16
—GONZALO, no pares con esa mezcla.
—Pero, tío, llevo más de media hora dando vueltas al caldero.
—Sigue —le ordenó Miguel mientras regresaba a la tarea que le ocupaba—. Sancho, ten cuidado con eso. Si haces los agujeros demasiado grandes, las hojas bailarán y no podrás fijarlas correctamente.
—Además —oyó el reniego de Gonzalo—, no sé a qué tanta tinta. El encargo de la iglesia de Valmaseda ya está casi terminado y si no mandáis otra cosa...
Sancho hizo un gesto de aburrimiento, que Miguel contestó con una sonrisa de entendimiento.
—Gonzalo... —reprendió a su sobrino, sin prestar atención real a lo que decía.
Pero la prudencia no era una de las virtudes de su sobrino y el chico no se calló.
—Es un absurdo que estemos haciendo toda esta tinta si después no la vamos a usar, claro que la última que hicimos no ha durado nada. No lo entiendo, porque para los primeros trabajos que imprimimos no utilizamos más que...
Ni Sancho ni Pedro ni Miguel se percataron de que Gonzalo se había callado como tampoco de que un hombre entraba en la imprenta.
—La condena de un ayudante es hacer siempre lo que dice el maestro. Tu mentor no te lo ha enseñado muy bien, a pesar de que él tuvo muchas oportunidades de ponerlo en práctica.
Miguel se volvió con rapidez.
El padre de Elena se apoyaba en el umbral de la imprenta. Con el rostro relajado y los brazos cruzados sobre el pecho, nadie diría que apenas unas semanas antes habían estado al borde del enfrentamiento.
El respingo de Sancho lo hizo volverse hacia el muchacho. Tenía las muelas apretadas. El odio con el que miraba al que decía ser su abuelo era notorio.
Miguel se acercó a él, puso una mano sobre su hombro para transmitirle tranquilidad e hizo un gesto de negación con la cabeza. Ya hablarían después, pero antes, tenía que conseguir sacar a una sabandija de su imprenta.
Caminó hacia la entrada.
—Quizás es que el maestro de esta imprenta prefiere las solicitudes a las órdenes.

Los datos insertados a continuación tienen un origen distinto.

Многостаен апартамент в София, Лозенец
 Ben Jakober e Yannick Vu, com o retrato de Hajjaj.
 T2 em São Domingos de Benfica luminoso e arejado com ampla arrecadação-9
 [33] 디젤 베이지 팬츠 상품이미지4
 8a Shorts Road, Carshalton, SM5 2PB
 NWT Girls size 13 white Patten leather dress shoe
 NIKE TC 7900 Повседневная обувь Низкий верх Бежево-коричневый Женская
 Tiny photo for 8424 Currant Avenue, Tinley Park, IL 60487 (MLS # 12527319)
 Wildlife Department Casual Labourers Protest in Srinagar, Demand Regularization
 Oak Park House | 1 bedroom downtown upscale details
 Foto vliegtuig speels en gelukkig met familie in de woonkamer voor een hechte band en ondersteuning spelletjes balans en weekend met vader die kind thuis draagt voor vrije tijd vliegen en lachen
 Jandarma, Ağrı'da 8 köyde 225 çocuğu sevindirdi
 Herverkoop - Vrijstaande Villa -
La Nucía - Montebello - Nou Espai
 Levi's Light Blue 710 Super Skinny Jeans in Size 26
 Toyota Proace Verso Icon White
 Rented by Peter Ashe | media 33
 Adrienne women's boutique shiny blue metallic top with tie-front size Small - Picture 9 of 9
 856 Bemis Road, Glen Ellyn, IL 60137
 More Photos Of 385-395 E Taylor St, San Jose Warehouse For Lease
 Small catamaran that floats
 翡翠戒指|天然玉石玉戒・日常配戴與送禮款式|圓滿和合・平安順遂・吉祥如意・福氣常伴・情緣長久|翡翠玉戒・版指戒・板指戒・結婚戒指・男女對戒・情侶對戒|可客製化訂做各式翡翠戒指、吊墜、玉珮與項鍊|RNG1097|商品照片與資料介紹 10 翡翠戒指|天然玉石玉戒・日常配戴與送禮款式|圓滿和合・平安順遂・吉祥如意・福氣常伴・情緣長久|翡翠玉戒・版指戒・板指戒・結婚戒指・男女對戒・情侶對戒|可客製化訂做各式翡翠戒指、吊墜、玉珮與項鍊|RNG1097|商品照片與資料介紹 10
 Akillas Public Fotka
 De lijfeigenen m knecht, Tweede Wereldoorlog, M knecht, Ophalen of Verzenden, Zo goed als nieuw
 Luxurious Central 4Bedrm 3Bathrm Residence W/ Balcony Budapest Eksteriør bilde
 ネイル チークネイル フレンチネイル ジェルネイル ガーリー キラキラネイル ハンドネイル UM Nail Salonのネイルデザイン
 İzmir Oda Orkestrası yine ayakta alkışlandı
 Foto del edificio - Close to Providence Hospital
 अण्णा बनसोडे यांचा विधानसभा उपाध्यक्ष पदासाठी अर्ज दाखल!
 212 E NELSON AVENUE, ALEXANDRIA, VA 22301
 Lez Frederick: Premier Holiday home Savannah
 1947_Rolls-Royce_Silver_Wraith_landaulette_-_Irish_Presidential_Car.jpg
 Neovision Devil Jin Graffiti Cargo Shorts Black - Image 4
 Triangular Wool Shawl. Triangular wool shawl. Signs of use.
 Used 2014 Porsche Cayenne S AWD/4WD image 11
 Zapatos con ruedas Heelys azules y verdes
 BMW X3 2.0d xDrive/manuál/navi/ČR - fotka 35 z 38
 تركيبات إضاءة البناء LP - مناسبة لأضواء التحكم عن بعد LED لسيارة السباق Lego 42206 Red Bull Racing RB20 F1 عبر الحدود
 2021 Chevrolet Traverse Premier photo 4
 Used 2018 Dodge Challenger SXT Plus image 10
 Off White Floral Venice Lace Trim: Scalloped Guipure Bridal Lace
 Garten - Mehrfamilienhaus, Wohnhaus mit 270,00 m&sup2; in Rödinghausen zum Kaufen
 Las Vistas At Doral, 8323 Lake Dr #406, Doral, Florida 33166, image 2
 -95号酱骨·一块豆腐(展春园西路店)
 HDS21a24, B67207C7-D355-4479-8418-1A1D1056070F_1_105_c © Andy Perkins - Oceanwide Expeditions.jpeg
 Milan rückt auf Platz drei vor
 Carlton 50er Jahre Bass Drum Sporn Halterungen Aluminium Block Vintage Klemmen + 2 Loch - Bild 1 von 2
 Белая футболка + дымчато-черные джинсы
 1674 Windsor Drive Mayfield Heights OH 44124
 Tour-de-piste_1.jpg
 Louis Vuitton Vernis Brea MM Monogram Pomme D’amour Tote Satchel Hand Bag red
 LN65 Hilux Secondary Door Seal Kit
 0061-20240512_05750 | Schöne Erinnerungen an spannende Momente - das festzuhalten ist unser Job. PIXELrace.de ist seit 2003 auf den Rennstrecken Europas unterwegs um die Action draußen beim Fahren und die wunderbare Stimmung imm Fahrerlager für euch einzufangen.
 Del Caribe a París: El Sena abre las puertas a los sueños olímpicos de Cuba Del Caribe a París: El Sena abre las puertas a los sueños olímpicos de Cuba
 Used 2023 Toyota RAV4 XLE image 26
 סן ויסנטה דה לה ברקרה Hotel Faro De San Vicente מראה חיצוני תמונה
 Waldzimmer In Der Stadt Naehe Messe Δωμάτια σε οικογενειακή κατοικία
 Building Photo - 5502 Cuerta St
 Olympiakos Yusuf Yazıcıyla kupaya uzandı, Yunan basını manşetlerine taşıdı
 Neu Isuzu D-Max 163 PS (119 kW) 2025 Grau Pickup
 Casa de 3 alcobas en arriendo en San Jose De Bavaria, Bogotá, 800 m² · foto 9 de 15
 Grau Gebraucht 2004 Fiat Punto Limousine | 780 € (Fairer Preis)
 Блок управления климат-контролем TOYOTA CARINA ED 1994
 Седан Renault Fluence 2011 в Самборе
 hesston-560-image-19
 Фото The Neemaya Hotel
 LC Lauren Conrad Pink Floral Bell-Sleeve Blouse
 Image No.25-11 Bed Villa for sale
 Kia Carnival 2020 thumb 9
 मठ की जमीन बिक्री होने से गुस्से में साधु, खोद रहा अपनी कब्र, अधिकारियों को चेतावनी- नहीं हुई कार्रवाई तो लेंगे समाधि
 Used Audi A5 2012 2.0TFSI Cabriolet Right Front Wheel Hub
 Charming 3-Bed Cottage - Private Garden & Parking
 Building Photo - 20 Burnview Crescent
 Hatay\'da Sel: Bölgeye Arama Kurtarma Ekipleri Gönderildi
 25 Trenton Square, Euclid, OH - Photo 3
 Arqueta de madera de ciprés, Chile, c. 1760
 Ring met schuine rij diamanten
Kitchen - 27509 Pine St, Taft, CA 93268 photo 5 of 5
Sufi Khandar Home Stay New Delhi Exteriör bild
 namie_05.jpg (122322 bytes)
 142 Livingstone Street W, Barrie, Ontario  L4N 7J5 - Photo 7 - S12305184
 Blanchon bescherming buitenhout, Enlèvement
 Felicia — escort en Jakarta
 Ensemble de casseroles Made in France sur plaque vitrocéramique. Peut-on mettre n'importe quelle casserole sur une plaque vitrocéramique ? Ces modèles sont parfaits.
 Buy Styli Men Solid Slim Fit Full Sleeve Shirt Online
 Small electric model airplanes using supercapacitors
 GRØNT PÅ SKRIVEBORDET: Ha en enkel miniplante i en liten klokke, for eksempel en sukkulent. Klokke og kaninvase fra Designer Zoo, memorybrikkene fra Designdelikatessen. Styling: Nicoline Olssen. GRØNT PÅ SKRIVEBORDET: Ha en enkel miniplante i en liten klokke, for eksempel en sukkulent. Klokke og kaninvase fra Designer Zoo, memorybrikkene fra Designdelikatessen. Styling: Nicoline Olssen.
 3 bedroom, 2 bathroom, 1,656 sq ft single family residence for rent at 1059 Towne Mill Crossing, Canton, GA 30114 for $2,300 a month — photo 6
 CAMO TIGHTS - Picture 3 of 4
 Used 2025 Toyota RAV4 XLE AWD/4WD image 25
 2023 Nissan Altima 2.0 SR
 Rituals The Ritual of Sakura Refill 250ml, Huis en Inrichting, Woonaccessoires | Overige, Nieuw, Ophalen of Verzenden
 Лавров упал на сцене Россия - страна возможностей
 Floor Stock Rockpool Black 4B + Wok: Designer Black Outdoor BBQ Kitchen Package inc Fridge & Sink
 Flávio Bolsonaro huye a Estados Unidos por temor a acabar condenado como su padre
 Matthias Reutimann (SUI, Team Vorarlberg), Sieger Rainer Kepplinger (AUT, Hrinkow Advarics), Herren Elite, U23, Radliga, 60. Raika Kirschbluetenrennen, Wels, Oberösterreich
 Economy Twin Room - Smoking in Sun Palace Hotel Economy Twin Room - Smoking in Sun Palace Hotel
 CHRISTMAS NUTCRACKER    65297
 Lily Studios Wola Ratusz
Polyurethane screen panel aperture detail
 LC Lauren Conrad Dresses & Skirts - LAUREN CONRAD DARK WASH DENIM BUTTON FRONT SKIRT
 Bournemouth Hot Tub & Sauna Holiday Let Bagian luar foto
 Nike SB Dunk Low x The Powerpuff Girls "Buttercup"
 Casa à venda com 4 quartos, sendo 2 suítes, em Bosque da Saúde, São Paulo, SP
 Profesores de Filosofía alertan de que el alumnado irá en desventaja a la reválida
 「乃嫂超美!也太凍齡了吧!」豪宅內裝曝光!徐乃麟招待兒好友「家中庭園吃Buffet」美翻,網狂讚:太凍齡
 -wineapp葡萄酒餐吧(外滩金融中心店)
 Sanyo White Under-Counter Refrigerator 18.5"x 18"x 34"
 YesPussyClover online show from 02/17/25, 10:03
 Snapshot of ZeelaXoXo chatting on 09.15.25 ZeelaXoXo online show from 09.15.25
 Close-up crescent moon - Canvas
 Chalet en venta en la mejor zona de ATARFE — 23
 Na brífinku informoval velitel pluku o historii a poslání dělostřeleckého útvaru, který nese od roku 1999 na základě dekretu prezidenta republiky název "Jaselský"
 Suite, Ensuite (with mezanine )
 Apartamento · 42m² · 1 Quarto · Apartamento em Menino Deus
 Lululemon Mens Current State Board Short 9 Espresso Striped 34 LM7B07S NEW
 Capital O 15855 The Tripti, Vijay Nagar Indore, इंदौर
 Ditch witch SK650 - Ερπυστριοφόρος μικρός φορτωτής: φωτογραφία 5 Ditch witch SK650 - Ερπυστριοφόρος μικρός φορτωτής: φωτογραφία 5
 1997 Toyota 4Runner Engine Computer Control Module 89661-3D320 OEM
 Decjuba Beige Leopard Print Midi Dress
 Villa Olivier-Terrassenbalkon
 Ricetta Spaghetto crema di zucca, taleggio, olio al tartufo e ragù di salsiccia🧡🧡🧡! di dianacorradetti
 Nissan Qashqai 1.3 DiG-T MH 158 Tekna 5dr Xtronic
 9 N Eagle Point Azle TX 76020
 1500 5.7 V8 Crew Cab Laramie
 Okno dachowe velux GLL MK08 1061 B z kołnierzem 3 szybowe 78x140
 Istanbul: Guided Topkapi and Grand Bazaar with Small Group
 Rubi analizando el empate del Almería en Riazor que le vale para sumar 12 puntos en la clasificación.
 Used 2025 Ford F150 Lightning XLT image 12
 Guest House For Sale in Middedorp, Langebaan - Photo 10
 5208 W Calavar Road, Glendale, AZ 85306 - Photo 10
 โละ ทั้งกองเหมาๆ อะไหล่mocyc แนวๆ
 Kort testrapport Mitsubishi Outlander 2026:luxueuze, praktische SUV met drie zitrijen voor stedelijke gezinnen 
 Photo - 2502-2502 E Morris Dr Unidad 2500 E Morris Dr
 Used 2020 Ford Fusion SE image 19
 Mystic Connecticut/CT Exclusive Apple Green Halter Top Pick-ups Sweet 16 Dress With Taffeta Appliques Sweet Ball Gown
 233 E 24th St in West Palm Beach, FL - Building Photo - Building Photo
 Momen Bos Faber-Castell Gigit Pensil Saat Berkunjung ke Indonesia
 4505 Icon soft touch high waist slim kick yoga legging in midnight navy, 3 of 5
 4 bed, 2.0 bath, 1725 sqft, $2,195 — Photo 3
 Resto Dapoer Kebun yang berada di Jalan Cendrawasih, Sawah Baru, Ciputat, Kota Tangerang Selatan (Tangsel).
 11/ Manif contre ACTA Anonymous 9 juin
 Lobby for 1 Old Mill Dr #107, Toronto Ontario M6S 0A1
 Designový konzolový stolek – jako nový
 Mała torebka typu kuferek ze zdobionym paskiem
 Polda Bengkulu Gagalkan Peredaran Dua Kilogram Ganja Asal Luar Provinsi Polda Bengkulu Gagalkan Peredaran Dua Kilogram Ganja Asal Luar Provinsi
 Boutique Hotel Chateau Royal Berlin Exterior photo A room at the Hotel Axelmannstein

—Con buenas maneras nada conseguiréis de esos rufianes.
—A veces no es cuestión de conseguir sino de ofrecer.
—No lo diréis por vos, porque, si es por los jornales que no os entregué, vos mismo lo decidisteis así; desaparecisteis sin pedirlos. Yo siempre satisfago mis deudas.
—No es eso lo que me han contado.
—¿Quién? —Hizo un gesto de desprecio—. Calumnias, simples calumnias de hombres envidiosos.
—No es eso lo que me han contado —repitió Miguel para dejar bien patente de qué estaba hablando, de quién estaba hablando.
Miguel de Eguía lo captó, entendió la audacia y comprendió la intención.
—Que se vaya el chico —masculló.
Aquellas palabras sorprendieron a Miguel. Al final hasta iba a resultar ser un abuelo comprensivo.
—Coged un par de cubos y os vais al río por agua —les ordenó.
Miguel oyó cómo Gonzalo retiraba el caldero del fuego y se acercaba al rincón del fondo. De la mesa, donde Sancho encuadernaba las hojas de oraciones que tenían que entregar en la parroquia de Valmaseda los próximos días, no le llegó sonido de movimientos. Esperó a que su sobrino se acercara hasta él y le hizo un gesto en dirección a su compañero, que Gonzalo entendió a la primera.
—Vámonos, el maestro tiene negocios que atender —instó este a Sancho.
Miguel supo que el hijo de Elena se marchaba porque el banco en el que se sentaba cayó al suelo. La tensión que había crecido en su interior, desde que había visto a su antiguo patrón en la puerta de su negocio, se redujo.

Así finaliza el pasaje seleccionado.